Si passeggia al parco da soli, con i colleghi, gli amici, è una scelta obbligata durante i primi appuntamenti. Immaginavamo potesse essere un modo suggestivo per impostare una conoscenza, i prati, i fiori, le panchine, sentirsi un po’ come i due della trilogia Before di Linklater che tutti e tre i film sono sempre un innamorarsi camminando per i parchi e le strade e sui ponti (esiste uno studio del 2013 secondo cui per capire se un uomo è innamorato dovremmo guardare il modo in cui passeggia in compagnia, per presentarlo alcune testate avevano scritto “Why fall in love when you can walk in to”). Ma passeggiando c’è sempre solo il camminarsi accanto, dietro e davanti, il guardarsi di lato, rientra tutto in quella nuova grammatica dei comportamenti misurati in cui ogni azione sembra compiuta da troppo lontano. Adesso poi si sono aggiunti gradi di difficoltà ulteriore, fa freddo, magari piove, rimandiamo che altrimenti finisce come Quel freddo giorno nel parco di Altman su un date casuale che andava talmente bene che poi lei lo accoltella. Ci salutiamo con quella sensazione deprimente di non aver fatto abbastanza per salutarsi ma piuttosto di essersi solo percepiti sotto agli strati di mascherine e sciarpe.

È il momento di passeggiare al parco, anche per lavoro come ha spiegato Reuters, riflettendo su come questa sia diventata nel corso del 2020 la modalità preferita da molti datori e direttori europei per organizzare un colloquio o un meeting pur mantenendo gli accorgimenti necessari previsti dall’emergenza sanitaria (distanza fisica, parlare all’aria aperta, mascherina, nessun impianto di ventilazione). È il momento di farlo per tutto, per andare in posta allungando la strada, pascolare con il cane, passo a trovarti, ti porto una cosa: «Tranquillo vengo io, così passeggio».
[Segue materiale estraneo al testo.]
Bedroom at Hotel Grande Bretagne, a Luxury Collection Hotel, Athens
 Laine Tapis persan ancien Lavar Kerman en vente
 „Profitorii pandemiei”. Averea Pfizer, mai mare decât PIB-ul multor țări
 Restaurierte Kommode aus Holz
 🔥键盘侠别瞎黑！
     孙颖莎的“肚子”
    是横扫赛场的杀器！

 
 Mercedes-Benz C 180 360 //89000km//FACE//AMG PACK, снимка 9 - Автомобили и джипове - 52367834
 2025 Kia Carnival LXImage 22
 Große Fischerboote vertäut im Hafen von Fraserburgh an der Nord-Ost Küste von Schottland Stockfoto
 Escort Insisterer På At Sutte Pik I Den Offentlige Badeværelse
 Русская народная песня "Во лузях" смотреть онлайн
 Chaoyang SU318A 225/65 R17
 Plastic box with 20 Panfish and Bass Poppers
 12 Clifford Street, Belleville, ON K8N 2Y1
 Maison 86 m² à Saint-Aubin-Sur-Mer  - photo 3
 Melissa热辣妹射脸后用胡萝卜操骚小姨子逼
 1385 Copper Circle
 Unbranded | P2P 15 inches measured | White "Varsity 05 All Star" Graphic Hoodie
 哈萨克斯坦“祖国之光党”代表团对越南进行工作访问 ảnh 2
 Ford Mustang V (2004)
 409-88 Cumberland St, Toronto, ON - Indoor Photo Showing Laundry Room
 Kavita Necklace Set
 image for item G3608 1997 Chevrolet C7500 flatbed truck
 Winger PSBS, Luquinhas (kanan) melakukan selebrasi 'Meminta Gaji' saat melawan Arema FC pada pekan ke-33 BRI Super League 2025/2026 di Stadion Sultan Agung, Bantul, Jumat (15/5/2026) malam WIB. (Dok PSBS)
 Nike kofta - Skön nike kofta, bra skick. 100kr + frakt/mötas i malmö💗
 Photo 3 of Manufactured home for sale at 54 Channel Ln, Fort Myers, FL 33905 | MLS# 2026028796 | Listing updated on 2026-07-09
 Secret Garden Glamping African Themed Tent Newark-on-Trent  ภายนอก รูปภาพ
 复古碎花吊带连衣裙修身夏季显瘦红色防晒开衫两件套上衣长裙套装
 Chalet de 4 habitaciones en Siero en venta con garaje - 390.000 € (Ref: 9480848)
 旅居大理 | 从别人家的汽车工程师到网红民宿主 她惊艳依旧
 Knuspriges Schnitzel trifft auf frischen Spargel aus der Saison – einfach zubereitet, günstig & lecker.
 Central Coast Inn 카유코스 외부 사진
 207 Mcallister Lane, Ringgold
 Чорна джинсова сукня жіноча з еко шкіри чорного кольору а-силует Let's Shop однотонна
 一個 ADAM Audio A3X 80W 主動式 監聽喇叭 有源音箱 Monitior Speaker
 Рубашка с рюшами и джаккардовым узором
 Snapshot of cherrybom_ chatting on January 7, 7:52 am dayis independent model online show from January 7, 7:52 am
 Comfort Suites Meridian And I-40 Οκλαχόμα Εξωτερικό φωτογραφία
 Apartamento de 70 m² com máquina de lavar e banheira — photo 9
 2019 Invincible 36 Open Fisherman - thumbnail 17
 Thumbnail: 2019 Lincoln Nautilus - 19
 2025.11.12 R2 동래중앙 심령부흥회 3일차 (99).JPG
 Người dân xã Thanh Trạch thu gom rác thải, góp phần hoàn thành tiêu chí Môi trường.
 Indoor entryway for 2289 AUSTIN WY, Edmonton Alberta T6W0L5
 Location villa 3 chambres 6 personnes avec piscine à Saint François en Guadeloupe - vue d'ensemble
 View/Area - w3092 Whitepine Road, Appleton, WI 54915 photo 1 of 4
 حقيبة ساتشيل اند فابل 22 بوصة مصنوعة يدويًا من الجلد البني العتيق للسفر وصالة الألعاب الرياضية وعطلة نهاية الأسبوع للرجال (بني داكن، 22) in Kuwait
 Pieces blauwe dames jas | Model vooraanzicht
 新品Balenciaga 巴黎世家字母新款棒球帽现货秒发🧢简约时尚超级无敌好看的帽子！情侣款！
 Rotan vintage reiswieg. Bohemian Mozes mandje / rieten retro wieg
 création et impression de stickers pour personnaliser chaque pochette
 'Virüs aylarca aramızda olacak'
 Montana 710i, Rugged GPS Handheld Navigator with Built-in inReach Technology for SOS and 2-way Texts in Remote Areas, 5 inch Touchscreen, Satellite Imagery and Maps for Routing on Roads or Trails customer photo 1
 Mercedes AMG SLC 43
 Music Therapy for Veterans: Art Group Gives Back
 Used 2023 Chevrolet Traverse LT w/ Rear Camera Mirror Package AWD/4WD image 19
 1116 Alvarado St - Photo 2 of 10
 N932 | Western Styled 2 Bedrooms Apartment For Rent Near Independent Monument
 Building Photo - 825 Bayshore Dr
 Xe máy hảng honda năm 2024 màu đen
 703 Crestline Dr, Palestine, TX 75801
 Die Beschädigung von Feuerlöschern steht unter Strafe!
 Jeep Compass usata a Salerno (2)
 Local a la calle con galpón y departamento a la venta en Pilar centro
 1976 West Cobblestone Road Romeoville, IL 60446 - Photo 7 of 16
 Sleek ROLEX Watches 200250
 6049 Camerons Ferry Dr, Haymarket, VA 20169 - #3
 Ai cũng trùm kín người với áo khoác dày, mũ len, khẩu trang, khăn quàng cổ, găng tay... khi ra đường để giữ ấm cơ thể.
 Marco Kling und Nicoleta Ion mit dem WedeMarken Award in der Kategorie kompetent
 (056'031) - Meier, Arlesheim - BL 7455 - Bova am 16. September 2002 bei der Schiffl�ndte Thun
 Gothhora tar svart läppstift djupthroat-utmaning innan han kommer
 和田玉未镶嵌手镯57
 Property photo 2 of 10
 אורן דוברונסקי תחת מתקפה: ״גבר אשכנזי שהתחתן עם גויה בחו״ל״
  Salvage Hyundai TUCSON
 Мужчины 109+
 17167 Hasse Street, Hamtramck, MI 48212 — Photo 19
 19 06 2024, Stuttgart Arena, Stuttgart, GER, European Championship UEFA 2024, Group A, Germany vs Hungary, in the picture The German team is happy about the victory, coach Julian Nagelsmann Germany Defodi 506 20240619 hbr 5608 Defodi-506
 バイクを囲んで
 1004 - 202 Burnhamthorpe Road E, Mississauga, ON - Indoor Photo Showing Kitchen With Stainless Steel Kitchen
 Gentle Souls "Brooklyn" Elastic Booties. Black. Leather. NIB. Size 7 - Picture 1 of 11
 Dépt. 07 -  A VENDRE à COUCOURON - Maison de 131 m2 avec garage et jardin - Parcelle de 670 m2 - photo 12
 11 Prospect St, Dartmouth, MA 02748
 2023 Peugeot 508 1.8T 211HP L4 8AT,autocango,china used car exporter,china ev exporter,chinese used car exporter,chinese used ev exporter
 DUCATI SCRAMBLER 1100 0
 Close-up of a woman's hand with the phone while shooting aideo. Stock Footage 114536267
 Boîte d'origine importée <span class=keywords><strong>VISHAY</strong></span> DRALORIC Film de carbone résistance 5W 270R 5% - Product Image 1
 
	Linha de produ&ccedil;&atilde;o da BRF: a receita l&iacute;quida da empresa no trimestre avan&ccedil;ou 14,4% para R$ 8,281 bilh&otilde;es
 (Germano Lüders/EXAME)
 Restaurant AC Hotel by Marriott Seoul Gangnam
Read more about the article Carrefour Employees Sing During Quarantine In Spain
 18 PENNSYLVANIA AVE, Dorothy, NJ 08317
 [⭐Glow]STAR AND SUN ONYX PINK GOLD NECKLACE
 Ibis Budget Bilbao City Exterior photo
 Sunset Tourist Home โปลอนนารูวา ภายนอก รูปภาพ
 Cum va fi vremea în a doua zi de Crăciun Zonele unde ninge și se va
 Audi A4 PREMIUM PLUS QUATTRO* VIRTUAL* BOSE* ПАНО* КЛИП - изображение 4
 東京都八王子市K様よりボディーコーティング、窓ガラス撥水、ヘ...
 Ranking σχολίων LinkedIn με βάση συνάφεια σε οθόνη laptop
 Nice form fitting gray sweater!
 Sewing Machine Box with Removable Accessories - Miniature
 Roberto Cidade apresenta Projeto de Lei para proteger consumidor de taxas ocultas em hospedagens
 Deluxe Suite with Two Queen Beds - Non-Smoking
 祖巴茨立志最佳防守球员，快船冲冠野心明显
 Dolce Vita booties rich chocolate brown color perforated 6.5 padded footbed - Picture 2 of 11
Stando a quanto riporta il Guardian, uno dei motivi per cui abbiamo rilanciato la passeggiata al parco dipenderebbe dall’aver abbandonato un certo modo di “camminare distratto”. A causa dei vari lockdown (o grazie a loro), abbiamo notato che avevamo dimenticato da tempo come si dovrebbero guardare le cose, e la natura delle grandi metropoli ci è sembrata perfetta e a portata di mano per provare a recuperare tutto quel patrimonio visivo a cui abbiamo dato sempre meno importanza negli anni. Lo ha raccontato anche Ray Bradbury in una piccola opera di fantascienza pubblicata nel 1951, The Pedestrian, in cui il protagonista intrappolato in una città in cui nessuno esce di casa vaga senza meta, per ricordarsi di essere al mondo stupendosi della bellezza delle foglie cadute sui marciapiedi.

C’è stato un momento in cui la telefonata era un gesto dissidente. Prima che il mondo cambiasse e che chiamarsi – come se non avessimo già abbastanza traumi – diventasse necessario, lo è stata anche la passeggiata, riservata ai giorni di sole, ai genitori, madri, padri, nonni, a quelli che li vedevi sciamare su e giù in attesa che si diradassero le file fuori dai locali: più che dissidente, funzionale. E adesso che sono esplose, che abbiamo per forza riscoperto quanto siano piacevoli, ora che camminare è diventato anche un socializzare svilente, poco intenso, limitante e limitato, che uscire è solo uscire, è difficile immaginare per quanto tempo ancora potranno essere abbastanza.